RECORD EXTRACTS:
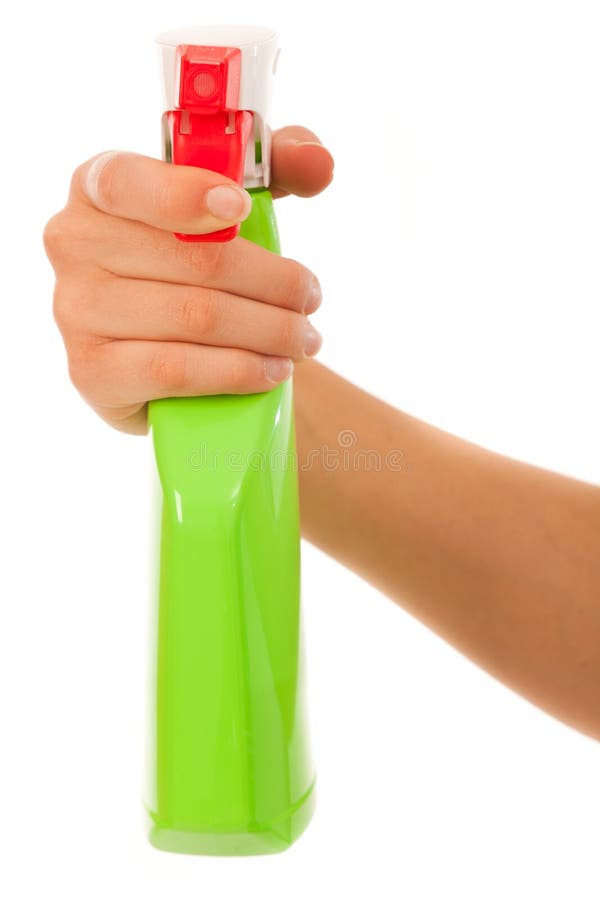 Jovem mulher com garrafa do pulverizador fotografia de stock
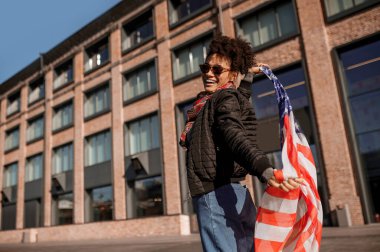 Elinde Amerikan bayrağı olan esmer tenli bir kız.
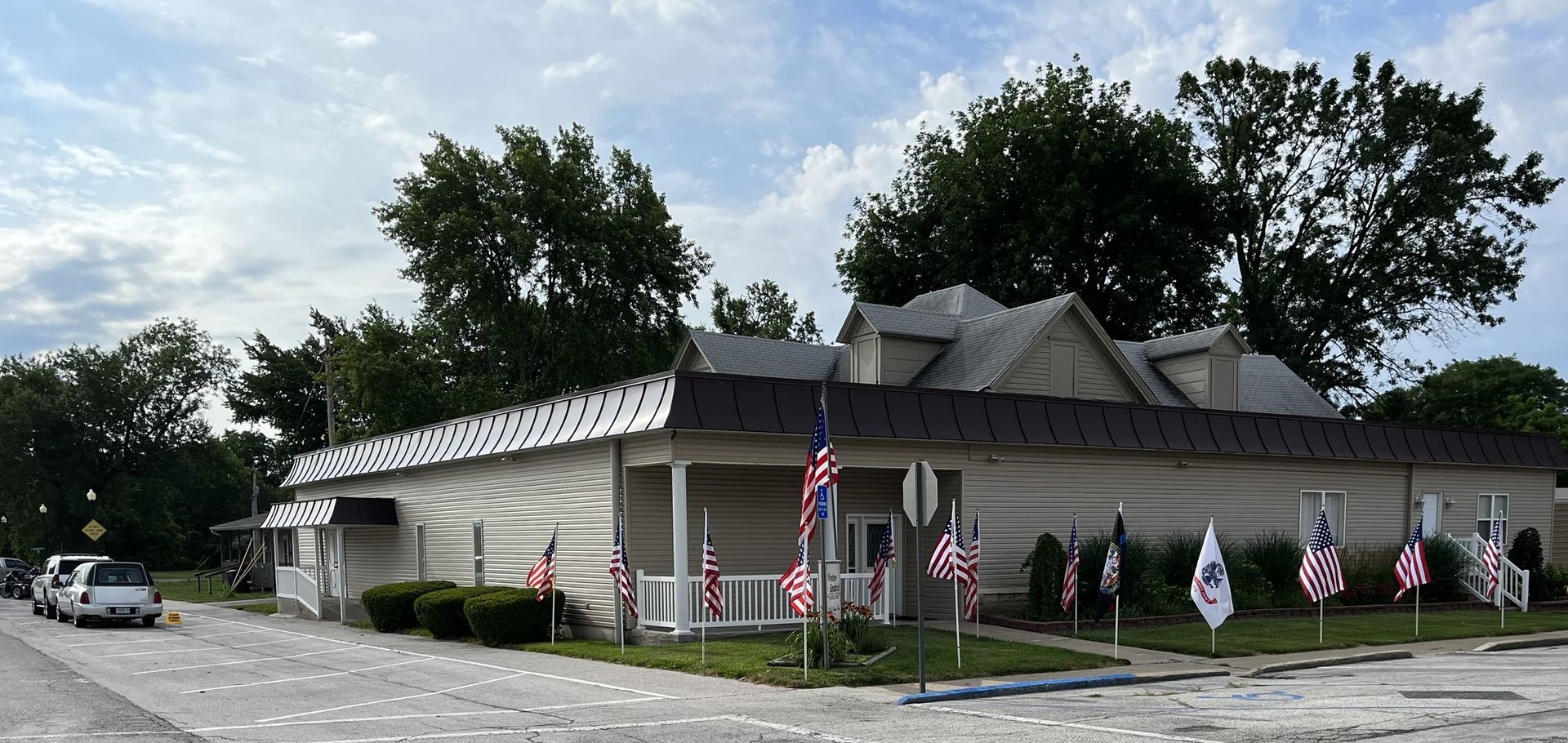Small roadside building with many American flags and a parked car under cloudy skies.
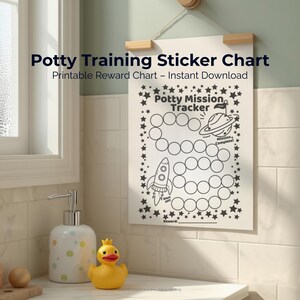Puede incluir: Un gráfico de pegatinas para el entrenamiento para ir al baño con el texto "Potty Mission Tracker" e ilustraciones de un cohete y un planeta. El gráfico está colgado en una pared cerca de una ventana, un dispensador de jabón y un pato de goma amarillo.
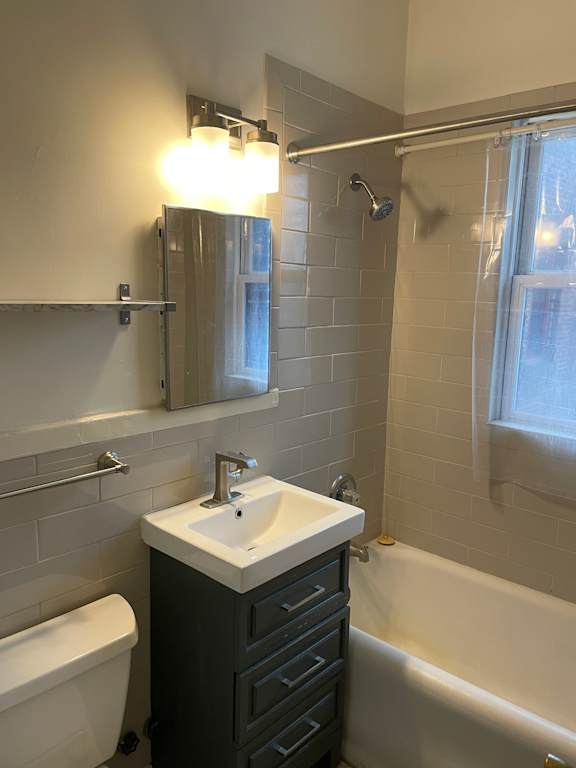 A white sink is on a black cabinet in a bathroom.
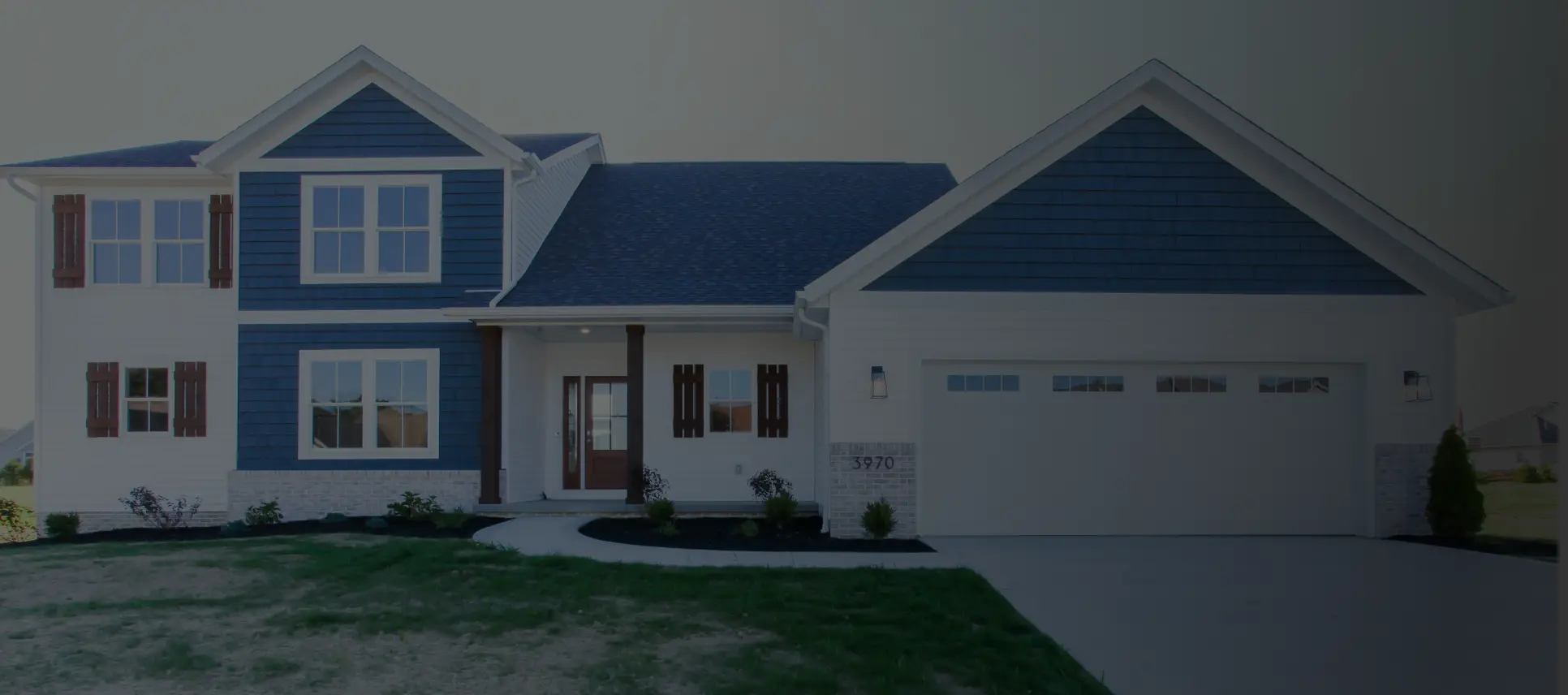 blue-and-white-colored-custom-home-with-gradient
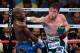 LAS VEGAS, NV - SEPTEMBER 14: (R-L) Canelo Alvarez throws a right at Floyd Mayweather Jr. during their WBC/WBA 154-pound title fight at the MGM Grand Garden Arena on September 14, 2013 in Las Vegas, Nevada. (Photo by Ethan Miller/Getty Images)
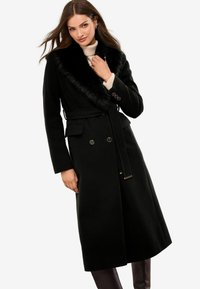 Abrigo de lana negro con cuello de piel sintética, doble botonadura en la parte delantera y cinturón en la cintura. Diseño de longitud media con mangas largas y bolsillos laterales.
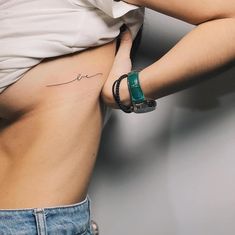 a woman's stomach with a small tattoo on her left side and the word love written in cursive writing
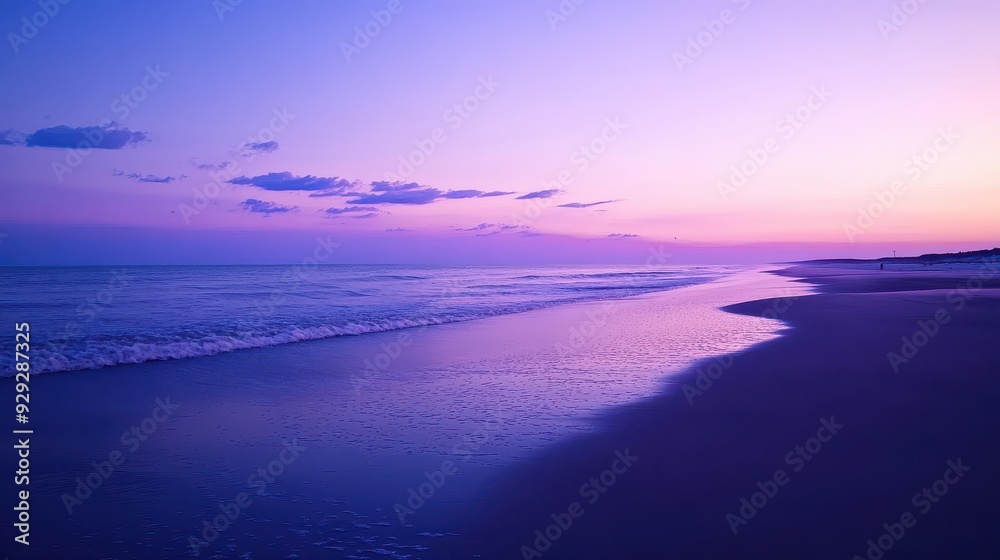 Fototapeta premium A serene beach at sunset with soft waves and a colorful sky.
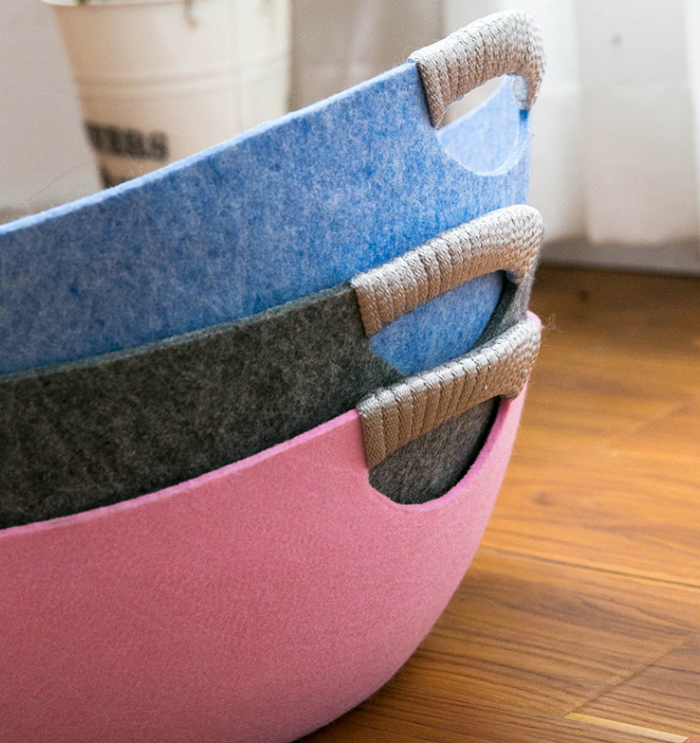 Stacked felt storage baskets in pink, gray, and blue with rope handles for pet supplies organization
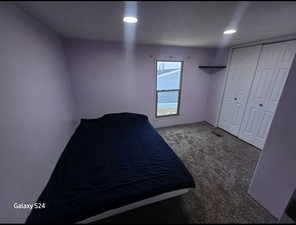 Unfurnished bedroom with carpet floors and a closet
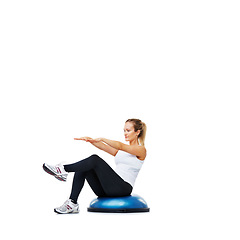 Image showing Woman, bosu ball and sit ups for exercise, workout or fitness on a white studio background. Young active female person or athlete on half round object in pilates, health and wellness on mockup space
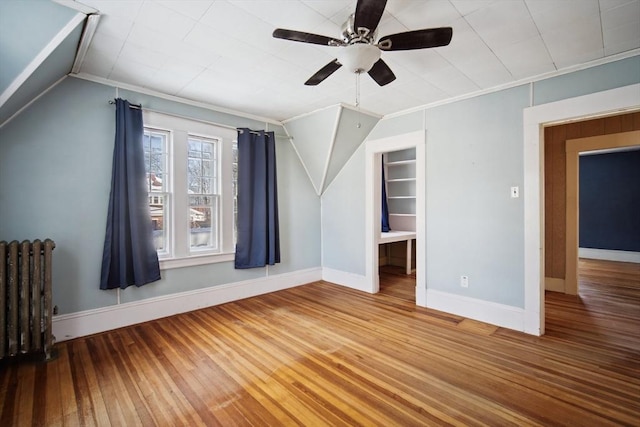 additional living space with ceiling fan, radiator, and hardwood / wood-style floors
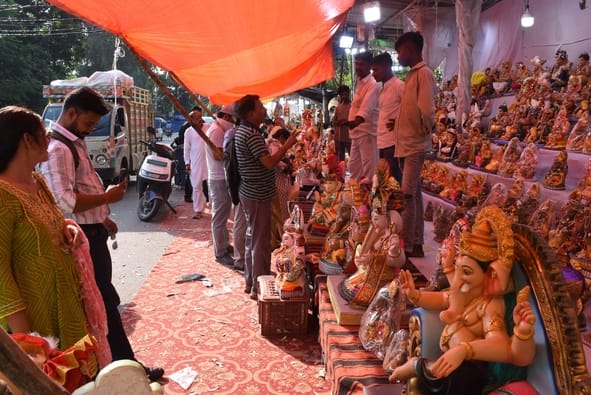 जानकारी देते गणेश प्राकट्य कमेटी के पदाधिकारी व गणपति की प्रतिमा खरीदकर घर ले जाते श्रद्धालु।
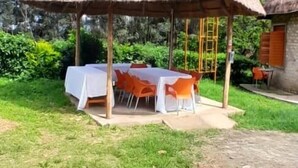 A thatched-roof outdoor dining area with a table and chairs, surrounded by greenery and a water tank in the background. - White Cat Farm Hut Inn (Mashonga)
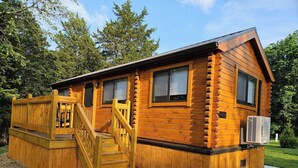 A log cabin with a wooden deck, a staircase, and a small air conditioning unit. - Walnut Secluded Cabin at Lost Trails (Madison Township)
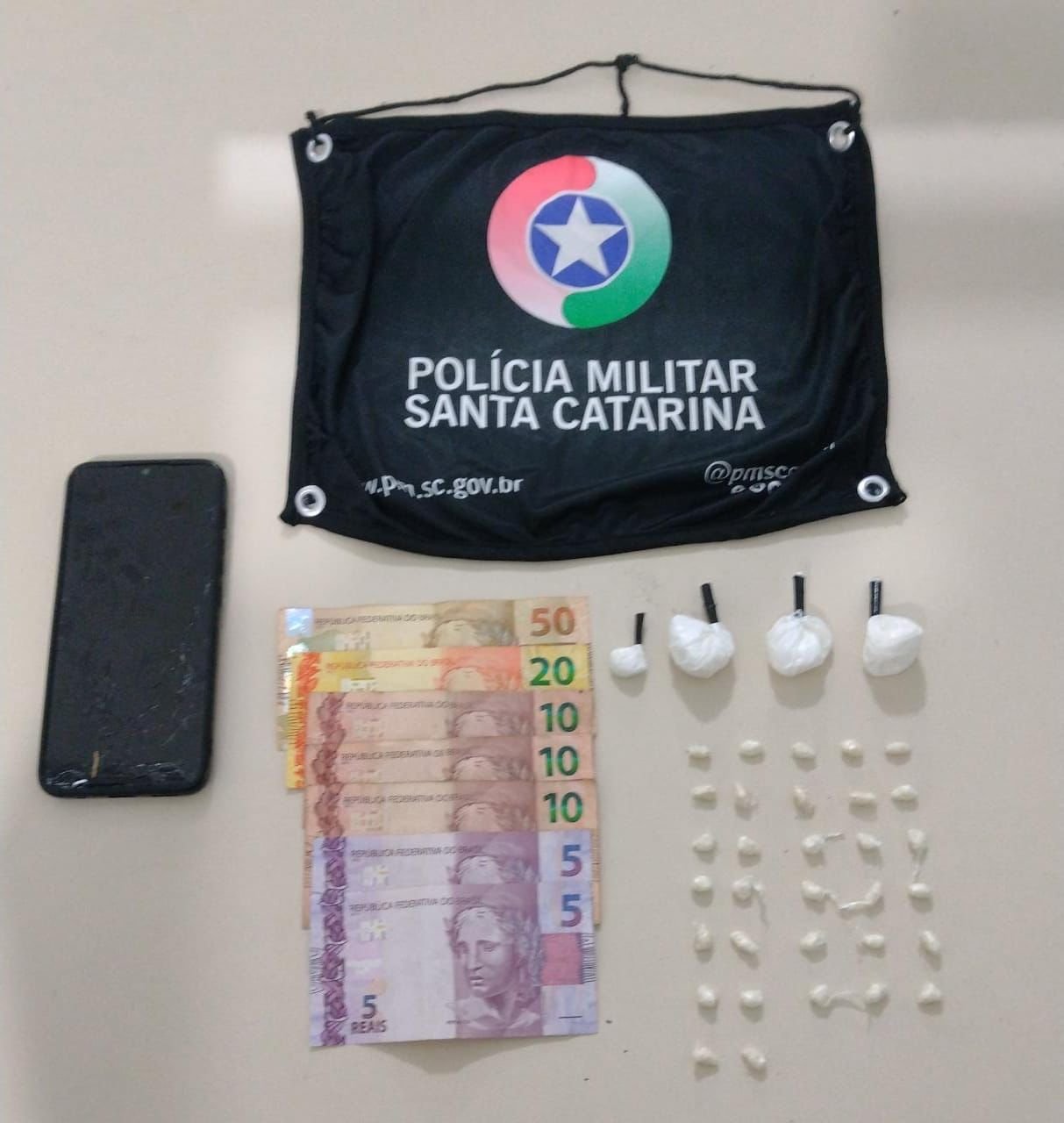 Droga TB #ParaTodosVerem Na foto, em cima de uma mesa hão símbolo da Polícia Militar de Santa Catarina, um aparelho de telefone celular preto, notas de dinheiro e porções de cocaína e crack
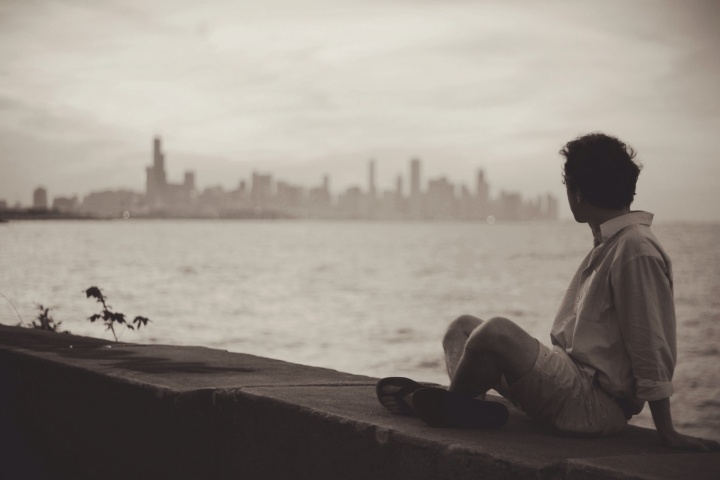 a man sitting cross-legged in a concrete ledge overlooking a body of water an a distant city skyline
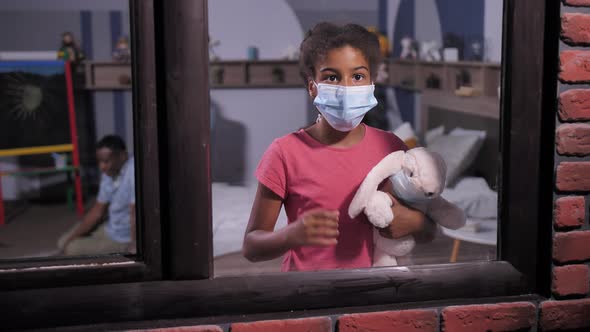 Dark-skinned Schoolgirl in Medical Mask By Window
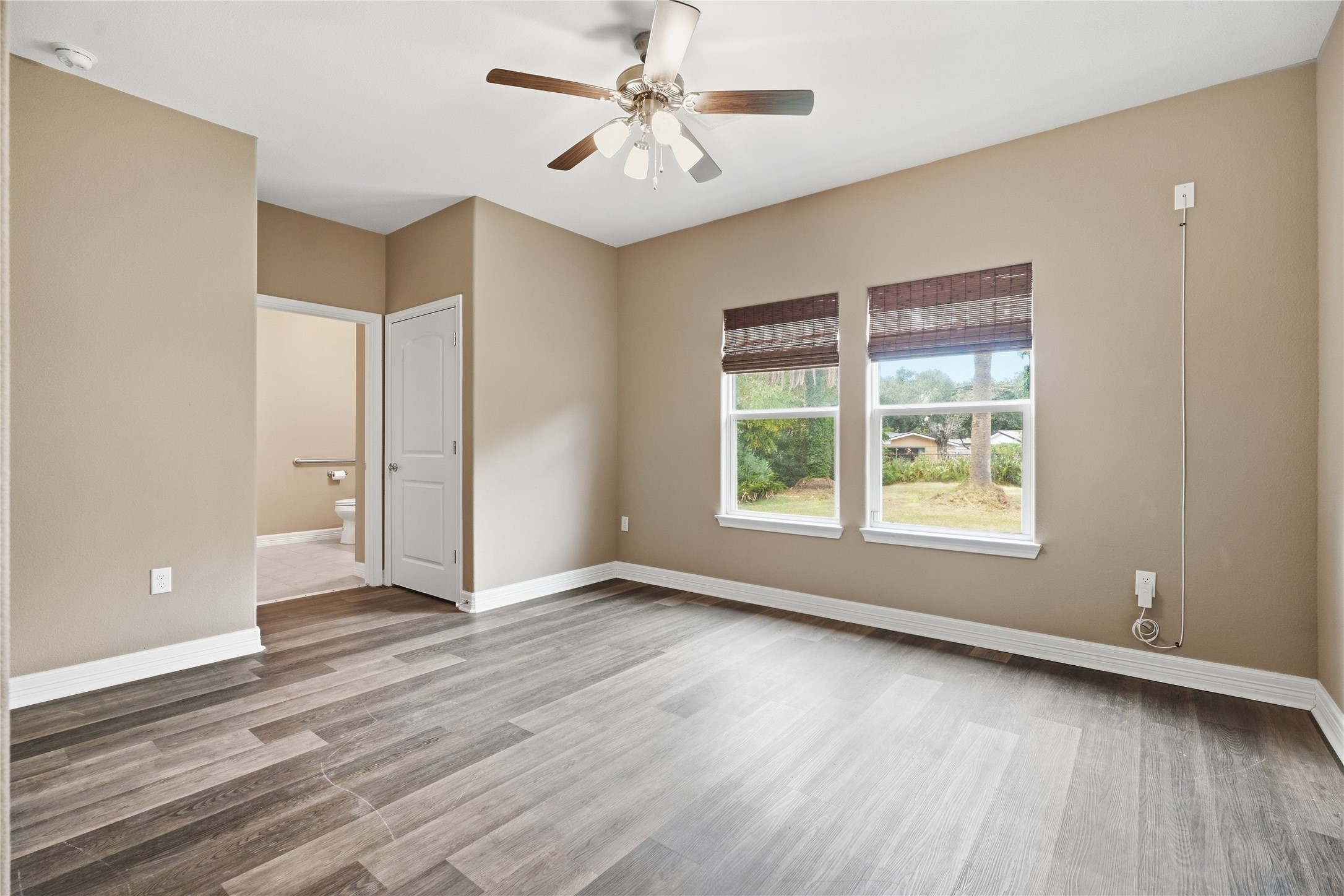 Two windows overlooking the backyard bring natural light into the primary bedroom, which features a ceiling fan and a private bathroom.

PROBLEM:
Above are some records. Output exactly the lines from the one that contains "Small roadside building" to the one that contains "blue-and-white-colored-custom-home-with-gradient", keeping both, and omit the pictures.

SOLUTION TO THIS TASK:
Small roadside building with many American flags and a parked car under cloudy skies.
Puede incluir: Un gráfico de pegatinas para el entrenamiento para ir al baño con el texto "Potty Mission Tracker" e ilustraciones de un cohete y un planeta. El gráfico está colgado en una pared cerca de una ventana, un dispensador de jabón y un pato de goma amarillo.
 A white sink is on a black cabinet in a bathroom.
 blue-and-white-colored-custom-home-with-gradient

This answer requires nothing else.